Analyst · B. Riley FBR. Your line is now open.

Yes. I mean we generally like to see at least three in the market Craig and then move up from there like you mentioned having four, or five, six we are now seven in Columbus. It helps on payroll. It helps on accreting leverage with local vendors. It helps in a variety of different factors. We will get you -- I can get you numbers for each market to give you a little bit more detail on what we think the savings are but it's significant which is why we're focused on exiting the markets that we don't see longer-term growth and looking to grow in markets like Tampa, Atlanta, Orlando where we think the long term prospects are much better.

Craig Kucera

Analyst · B. Riley FBR. Your line is now open.

And it seems like what you're talking about is somewhat exiting smaller markets and going into some of these larger markets. Is that sort of the direction of the company in general or is that just sort of a near-term we're deciding to sell these assets and rotate into these other markets.

Farrell Ender

Analyst · B. Riley FBR. Your line is now open.

I mean it's one factor but it really goes back to understanding the underlying fundamentals of each market and the job and population growth which drive occupancy and therefore rent growth. I mean one market we didn't mention was Huntsville which is our best-performing market of this quarter is just such a small piece of our NOI but there's – it's a smaller market which many people don't follow and we're only there because of the Trade Street acquisition but there's significant job growth and significant high-paying job growth and very little supply. So that may be a market that smaller we would have exited now that we're seeing significantly positive fundamentals it may be one that we choose to expand into and it's very easily covered from the Atlanta region.

Craig Kucera

Analyst · B. Riley FBR. Your line is now open.

Okay.
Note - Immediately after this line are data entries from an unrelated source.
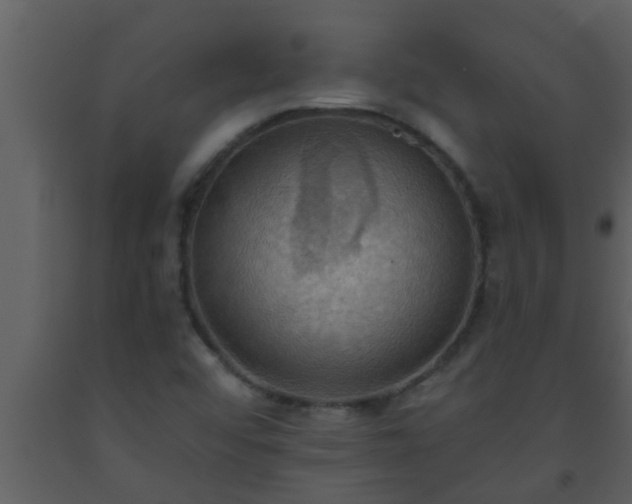 X0000093521456200710191322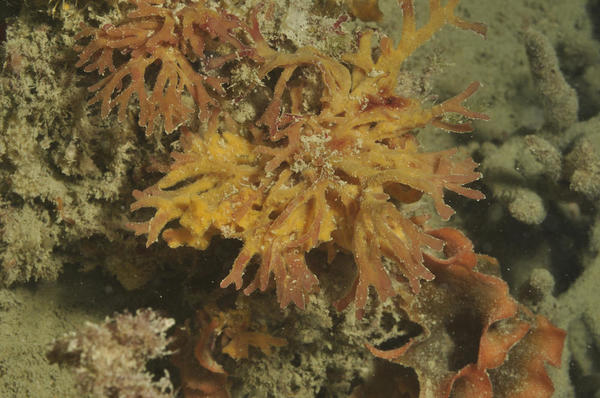 a quel organisme correspond cette couleur jaune sur une Dictyote.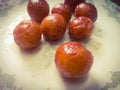 Gulab Jamun balls with sugar syrup placed in a white plate.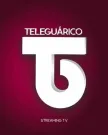 Teleguarico kanal logosu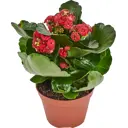 Каланхое Каландива Ле Шик микс 11x23 см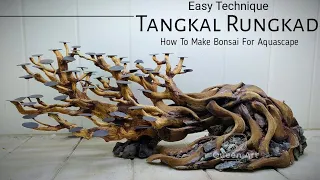 How to Make an Aquascape Bonsai - Aquascaping Tank fish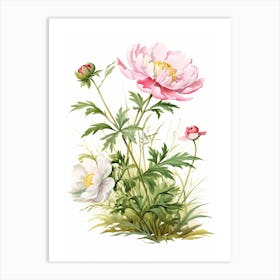 Peony Wildflower In Grassland (1) Art Print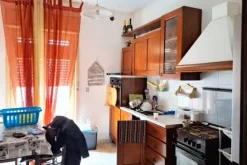 #23288 Capannone commerciale con area edificabile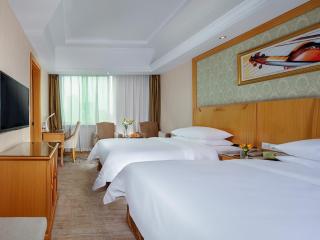 Vienna Hotel Yueyang Zhanqian Road - 6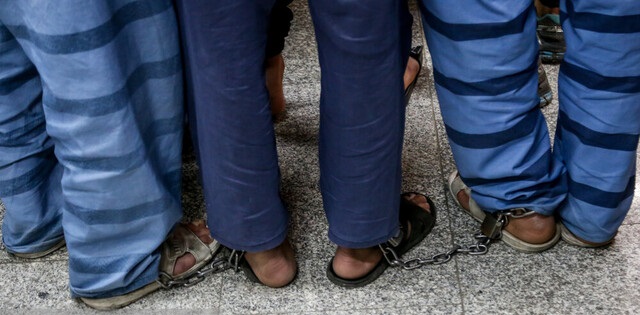 کشف ۲۰ راس گاو سرقت شده در جنوب تهران/ قاچاقچی شیشه بازداشت شد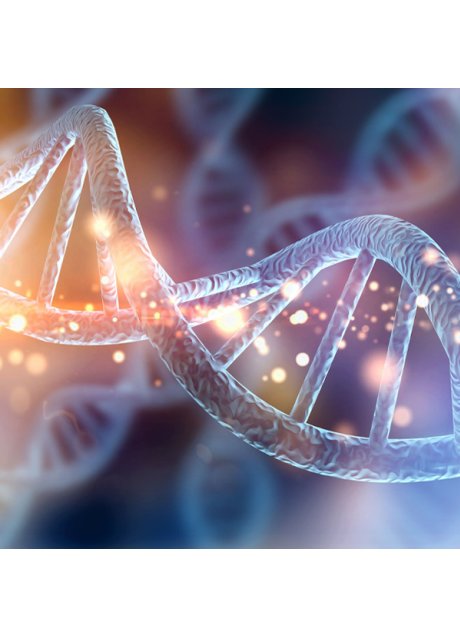 Bio Age Test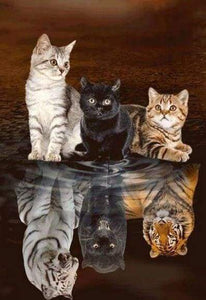 Diamond Painting - Kitten reflectie dieren, katten, Diamond Painting Dieren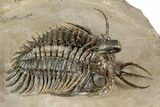 Short-Fork Walliserops Hammi Trilobite - Top Quality Example #344468-2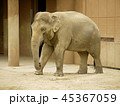 ゾウ 45367059
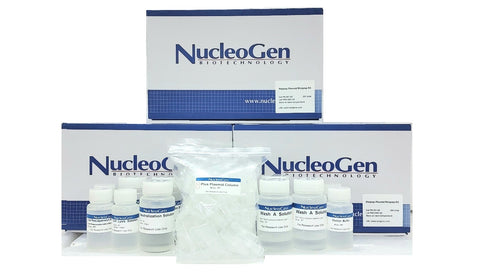 WelPrep Plasmid Miniprep Kit (PR001-02)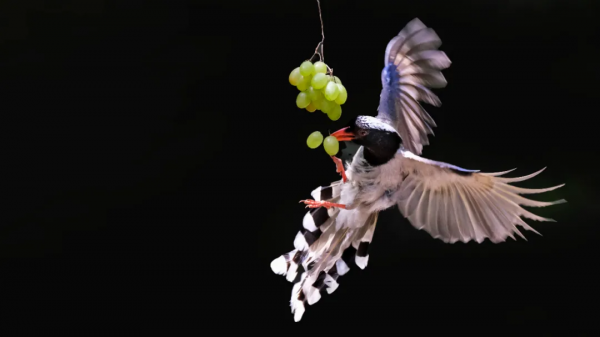 山西鳥類圖鑑 | 紅嘴藍鵲
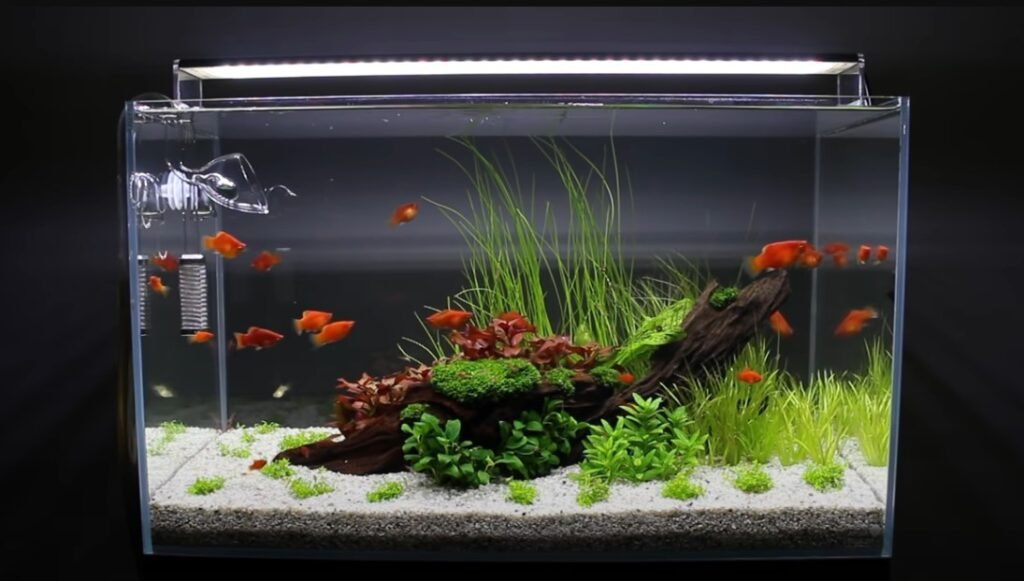 How Is LED Light Beneficial for Aquarium Planting?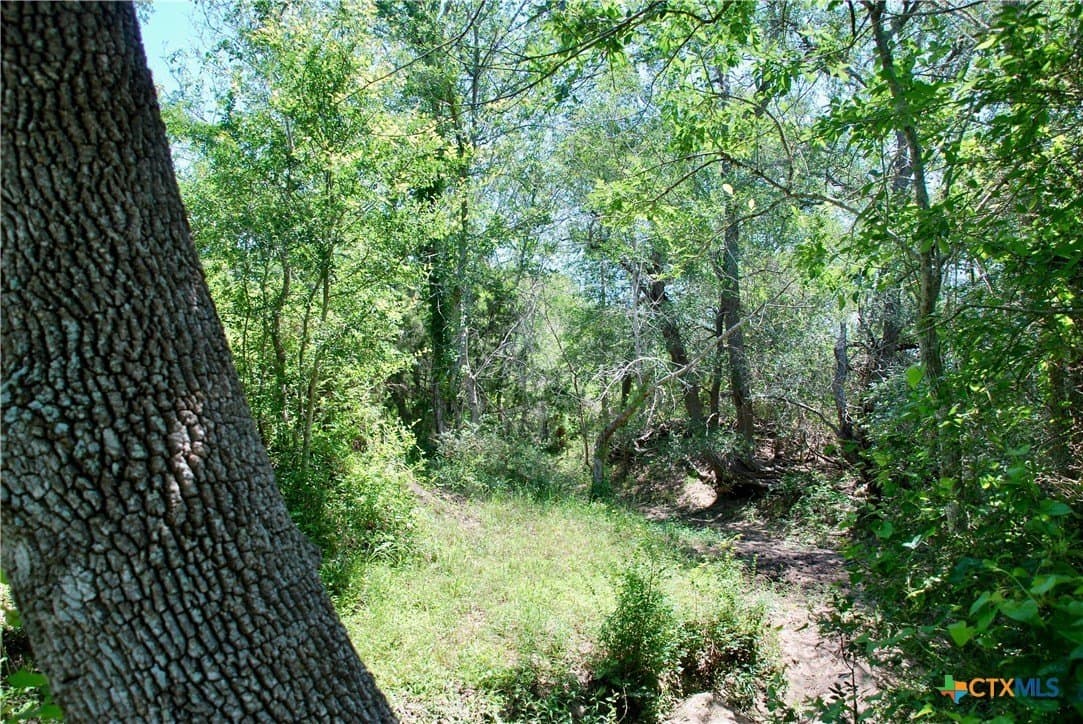 15.11 acres in Fayette County - photo 12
One more for me. Just wanted to circle back to the new acquisitions getting from the kind of year one to stabilize. Did you say that there is an implied value add program there and kind of if so what is expected CapEx there?

Farrell Ender

Analyst · B. Riley FBR. Your line is now open.

You see the Tampa project is one that we purchased knowing we're going to implement a value add. The costs are $4.4 million to do unit interiors roughly 10,000 unit to get $250 rent increases. The property in Columbus is one that we purchased from a previous relationship with a seller that we knew and we're just going to put that on the portfolio and get it onto our systems and run as normal and there's no value add in that property.

Craig Kucera

Analyst · B. Riley FBR. Your line is now open.

Okay. Thanks guys.

Operator

Operator

And this does conclude today's Q&A session. I would now like to turn the call back over to your CEO Scott Schaeffer for closing remarks.

Scott Schaeffer

Analyst

Thanks again for joining us today and we look forward to speaking with you after the third quarter. Have a good day.